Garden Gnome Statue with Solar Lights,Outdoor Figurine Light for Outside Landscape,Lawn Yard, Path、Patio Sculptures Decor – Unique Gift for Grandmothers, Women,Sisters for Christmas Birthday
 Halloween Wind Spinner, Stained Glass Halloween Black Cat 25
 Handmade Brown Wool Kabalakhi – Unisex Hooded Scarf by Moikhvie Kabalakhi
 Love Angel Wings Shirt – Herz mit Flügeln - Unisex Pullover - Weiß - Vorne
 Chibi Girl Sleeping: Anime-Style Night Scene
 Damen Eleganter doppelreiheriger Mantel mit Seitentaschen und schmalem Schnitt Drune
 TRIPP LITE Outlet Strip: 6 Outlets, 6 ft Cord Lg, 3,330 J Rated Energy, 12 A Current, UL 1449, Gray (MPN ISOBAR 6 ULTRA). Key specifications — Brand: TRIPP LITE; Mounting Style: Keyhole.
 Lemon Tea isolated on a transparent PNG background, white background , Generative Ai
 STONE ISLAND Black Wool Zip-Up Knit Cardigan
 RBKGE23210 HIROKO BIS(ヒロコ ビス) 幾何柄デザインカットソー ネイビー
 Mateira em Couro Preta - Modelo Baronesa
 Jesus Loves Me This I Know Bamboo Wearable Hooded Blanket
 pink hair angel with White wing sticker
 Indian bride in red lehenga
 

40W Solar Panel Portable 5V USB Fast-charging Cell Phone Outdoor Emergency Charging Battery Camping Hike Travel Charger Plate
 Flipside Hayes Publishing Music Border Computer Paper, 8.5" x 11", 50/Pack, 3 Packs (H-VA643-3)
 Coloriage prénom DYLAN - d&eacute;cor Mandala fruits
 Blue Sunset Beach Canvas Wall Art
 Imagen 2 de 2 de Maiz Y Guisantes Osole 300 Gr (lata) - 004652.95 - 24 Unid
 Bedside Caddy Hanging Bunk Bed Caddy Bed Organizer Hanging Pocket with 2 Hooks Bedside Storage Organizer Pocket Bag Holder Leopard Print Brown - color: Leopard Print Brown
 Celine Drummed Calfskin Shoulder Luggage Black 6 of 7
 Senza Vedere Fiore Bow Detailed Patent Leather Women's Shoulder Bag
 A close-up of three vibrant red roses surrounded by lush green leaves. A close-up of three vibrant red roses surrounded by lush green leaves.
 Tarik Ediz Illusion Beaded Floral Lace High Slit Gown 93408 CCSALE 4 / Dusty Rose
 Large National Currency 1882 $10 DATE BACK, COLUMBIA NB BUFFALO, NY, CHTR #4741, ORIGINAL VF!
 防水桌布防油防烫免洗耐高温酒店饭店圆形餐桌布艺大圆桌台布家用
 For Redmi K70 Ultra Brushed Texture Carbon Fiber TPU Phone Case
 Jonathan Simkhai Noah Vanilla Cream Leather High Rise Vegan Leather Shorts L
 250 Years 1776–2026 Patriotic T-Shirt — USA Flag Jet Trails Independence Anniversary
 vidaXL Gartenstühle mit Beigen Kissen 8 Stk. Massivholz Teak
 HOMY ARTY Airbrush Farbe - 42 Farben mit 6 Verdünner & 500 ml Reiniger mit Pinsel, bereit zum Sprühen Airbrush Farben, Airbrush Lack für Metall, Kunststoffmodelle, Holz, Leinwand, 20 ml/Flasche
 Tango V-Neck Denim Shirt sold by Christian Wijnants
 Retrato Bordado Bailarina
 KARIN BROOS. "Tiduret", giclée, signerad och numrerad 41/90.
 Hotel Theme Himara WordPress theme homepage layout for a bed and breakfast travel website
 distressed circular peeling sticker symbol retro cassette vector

········

Reproduce exactly the lines of the records above from the one with "TRIPP LITE Outlet" to the one with "Indian bride in red lehenga", both included, and leave out everything else.

**Answer:**
 TRIPP LITE Outlet Strip: 6 Outlets, 6 ft Cord Lg, 3,330 J Rated Energy, 12 A Current, UL 1449, Gray (MPN ISOBAR 6 ULTRA). Key specifications — Brand: TRIPP LITE; Mounting Style: Keyhole.
 Lemon Tea isolated on a transparent PNG background, white background , Generative Ai
 STONE ISLAND Black Wool Zip-Up Knit Cardigan
 RBKGE23210 HIROKO BIS(ヒロコ ビス) 幾何柄デザインカットソー ネイビー
 Mateira em Couro Preta - Modelo Baronesa
 Jesus Loves Me This I Know Bamboo Wearable Hooded Blanket
 pink hair angel with White wing sticker
 Indian bride in red lehenga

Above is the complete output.